Starting at the line that holds "The way a cell", restate every line word for word up to and including the last one in the listing below, and omit all pictures.

SOURCE DATA Start Marker

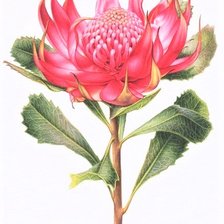 Схема вышивки «Red proteya- australian flowers»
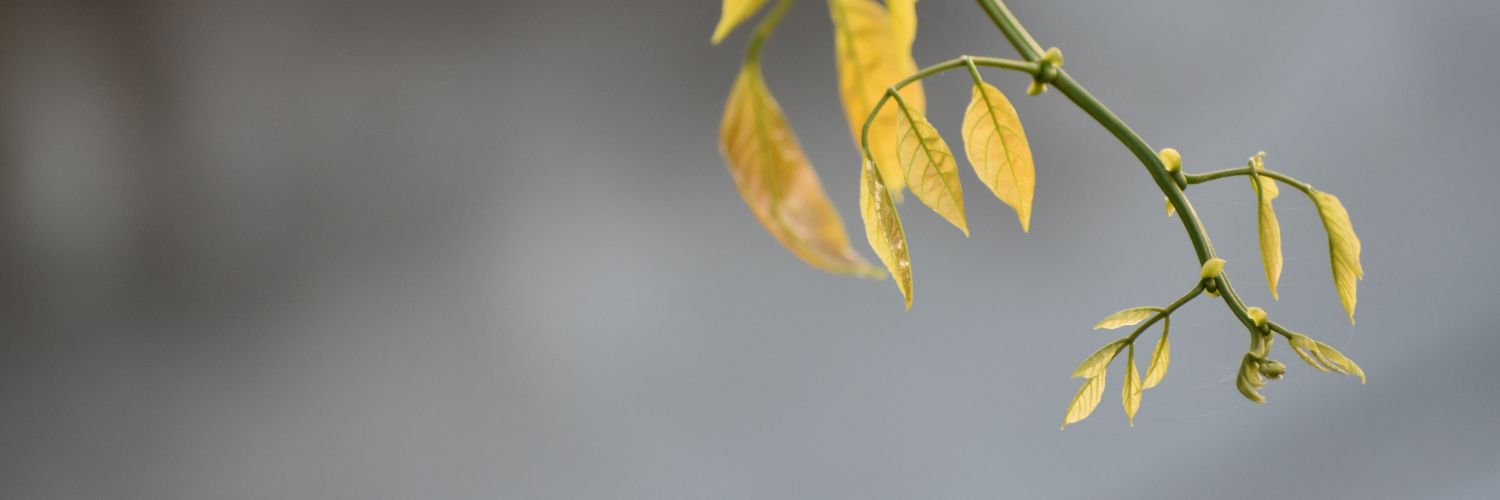 oveyaa's profile banner image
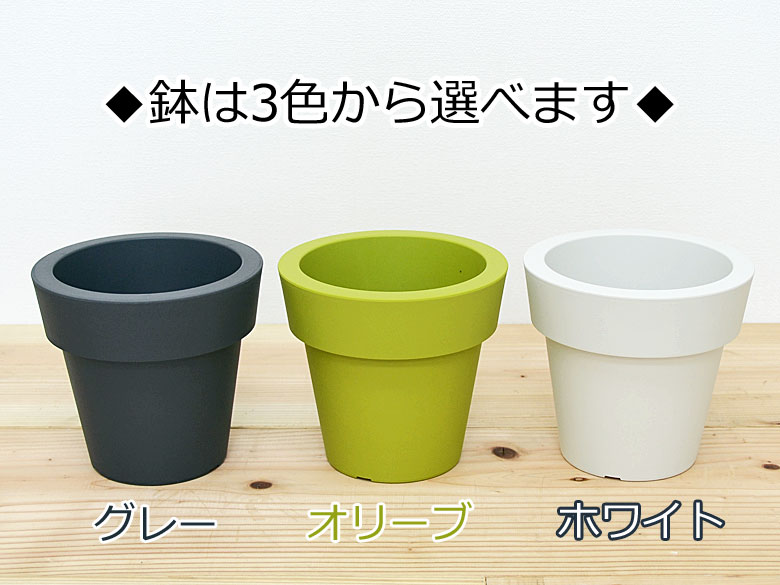観葉植物 底面給水 3鉢セット 選べる鉢の色
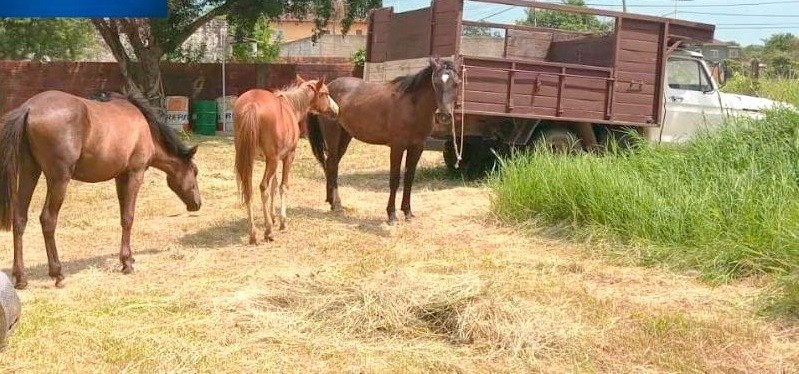Retiran cinco caballos del centro de Clorinda que ponían en riesgo la seguridad del tránsito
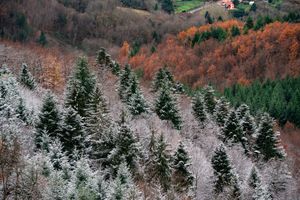 L'arrivée de l'hiver 2021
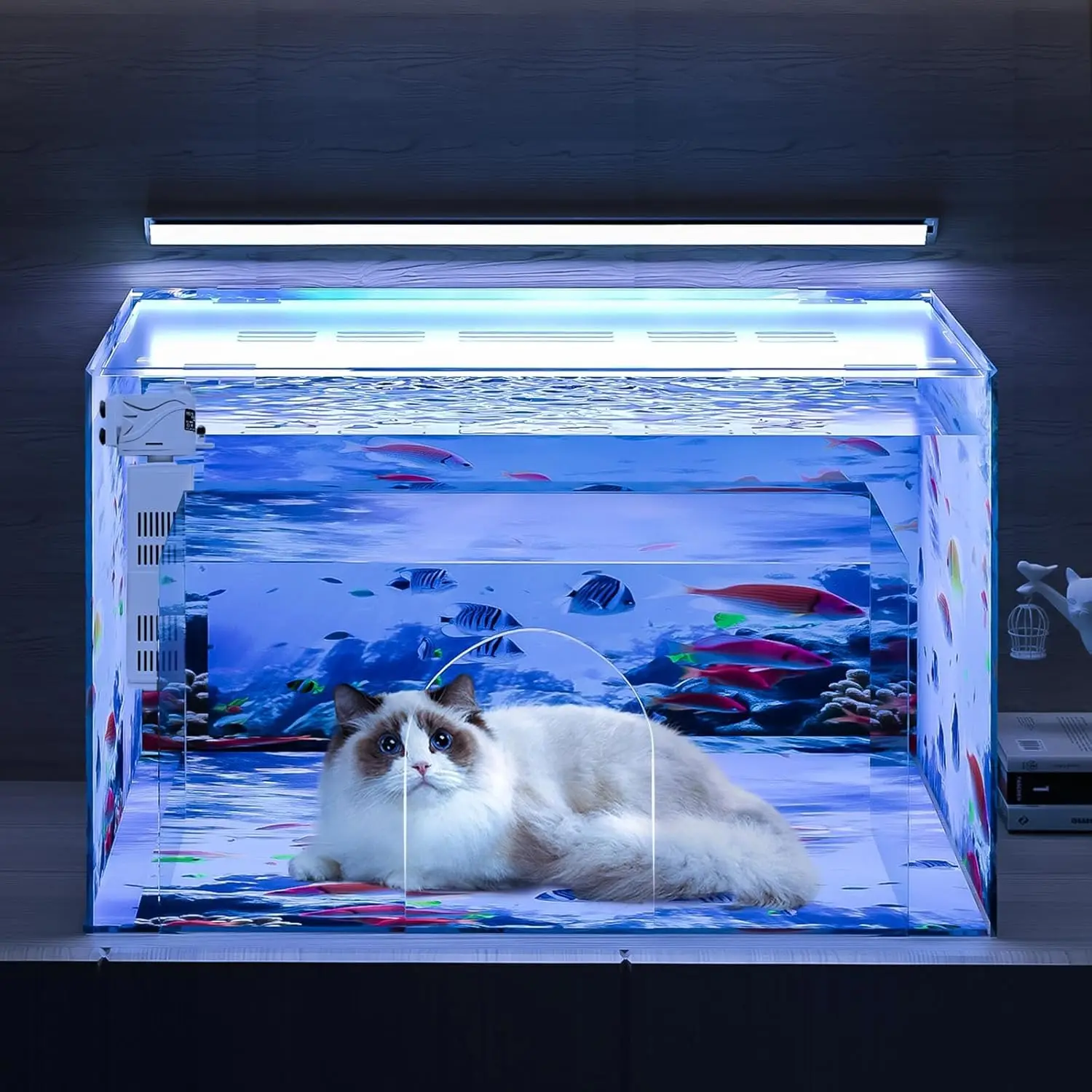حوض السمك للقطط غرفة نوم غلوب وجبة خفيفة حوض السمك والاكسسوارات داخلي استوائي كامل رخيصة منزل عقد خزان الأسماك للأطفال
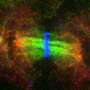 The way a cell fails to divide after copying its DNA can determine its fate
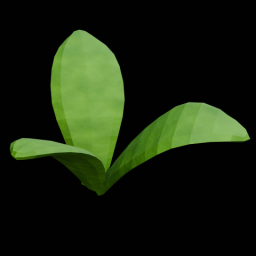 Plant 5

SOURCE DATA End Marker

ANSWER TO THE PROBLEM ->
 The way a cell fails to divide after copying its DNA can determine its fate
 Plant 5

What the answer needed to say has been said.